Thank you so much. I am asking on behalf of my students, some of whom are so terribly torn between their obligations to school and to friends and family. It tears me up too to watch them struggle. So very many times I hear students say that the support they got made all the difference in their success. Sure wish I had a way to help with that even just a little.

My school does try to help. We have family night before the first semester starts. This is supposed to help family understand what you will be going through. I live alone so I did not go. Not sure if it helped those that went. Some just don't get it so I just turn my phone off when I'm busy or just don't answer it. If they get upset, oh well. This is more important to me right now.

That's a good question because the faculty haven't even convinced me as a student yet how much time I should be putting in. From what I hear from my classmates though it takes a lot of work so keep on plugging away at it!

During seminar my first term, the professor actually put up a power point slide show pointing out basically what another poster here said.....they broke it down. In our program, we are to expect the following each week:

Classroom hours: 13

Reading/Studying Time for those class hours: ~15-20

Clinical hours: 20

Clinical prep/post hours: 5-6, minimum

Clearly this is more than a full time job. And it was stressed to us that to be successful, we really should put in that 15-20 hours reading and studying, although they conceded that most don't. At first. Until the first grades come in.

The discussion then went to the fact that while they know we all have to support ourselves somehow and therefore most of us do work, ultimately, this is a full-time day program and the program is set up to be a FULL TIME program.

And then they finished with: every graduating class experiences approximately a 30% divorce rate from when they entered the program to when they graduated. They told us that not to discourage us, but to encourage us to work with our spouses/significant others and be honest about what a toll it will take on us. We were "assigned" the "homework" of sharing that powerpoint with them and then to sit down and work a plan that will give us the time we need to do what we need to do. And *also* to listen to them and make sure we hear them as they tell us what they need from us.

My own particular method is to study after school until dinner (he cooks). During dinner, we start a DVD we've rented and watch it. After the DVD is over, I go back to studying. Most nights we do go to bed at different times, but I make a point of turning in when he does at least twice a week, even if it means I have to get up early the next day.

For friends and family, I simply send out an email at the start of each term that gives an update, asks them about what's going on in their lives, then saying, "peace out; I'll talk again in three months!!!!" :D

Everyone supports me but no one grasps how difficult this schooling is.
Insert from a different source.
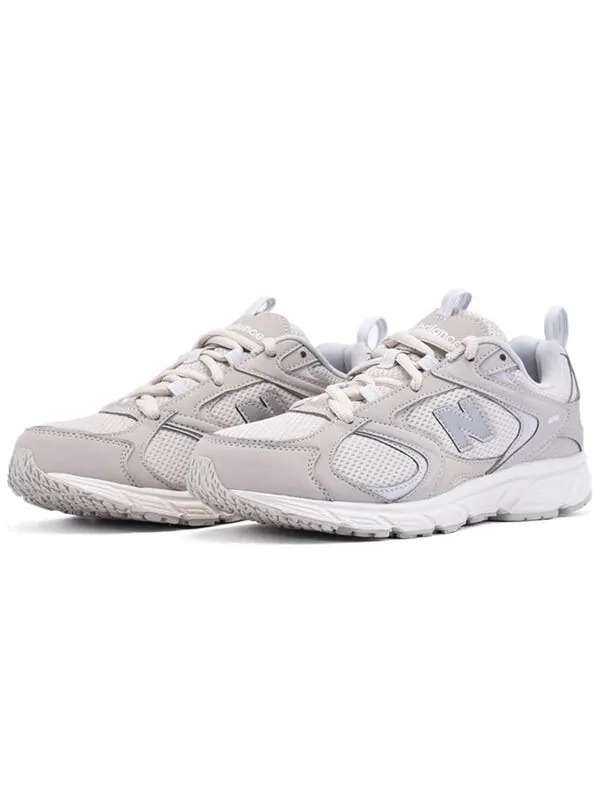 Кроссовки 408 New Balance — изображение 2 из 4, серый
I gave up trying to explain it and I just go about my business. I don't think anyone except a nurse will understand how hard it is.

I think you hit the nail on the head....unless you've been here, you can't possibly understand.

It seems hard to grasp for anybody who hasn't been to nursing school themselves, but when I tell people that I can't come to XYZ event because anything below a 78 is failing, we lost 1/3 of our class after 3rd semester, and that if I failed I'd have to wait a year to try again and have lost all my tuition money, the usually understand!

wow....harder than mine. Mine's at 75!!!